In horizontal relationships, non-compete clauses may constitute a form of market sharing agreement. Sometimes referred to as non-aggression pacts, in which competitors mutually agree not to compete with each other or commit not to solicit their respective clienteles, non-compete clauses must be limited in time and space and remain proportionate to the function they perform. Otherwise, as market-sharing agreements, which are considered particularly harmful by the Competition Authority, such clauses may be considered as restrictions by object.

In vertical relationships, post-contractual non-compete clauses can be found in exclusive distribution agreements, but also, and more commonly, in franchise agreements. Non-compete clauses are inherent to franchising insofar as they ensure the protection of know-how, which should only benefit the members of the network, and give the franchisor time to reintegrate a franchisee in the area concerned. However, such clauses must remain proportionate to the objective pursued: the protection of the network’s know-how, identity and reputation.
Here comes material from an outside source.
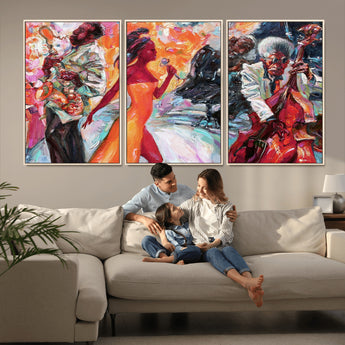 24452-MGV-CV-36X24-Vibrant Jazz Musician Painting - Expressive Art Print of Live Jazz Band, Perfect Wall Decor for Music Lovers and Art Enthusiasts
To be valid, they must be limited in time and space. While French law authorizes clauses with a duration of two years and covering relatively wide geographical areas, when EU law is deemed applicable, their duration must be limited to one year and their scope to the premises where the activity was carried out.

Although the issue has given rise to considerable controversy, the French case law upholds non-reaffiliation clauses prohibiting the former franchisee from directly or indirectly joining a franchise network or a similar distribution network for a period of two to three years in the franchise territory. However, the legitimacy of such clauses would appear to be highly questionable in light of the Vertical Restraints Regulation.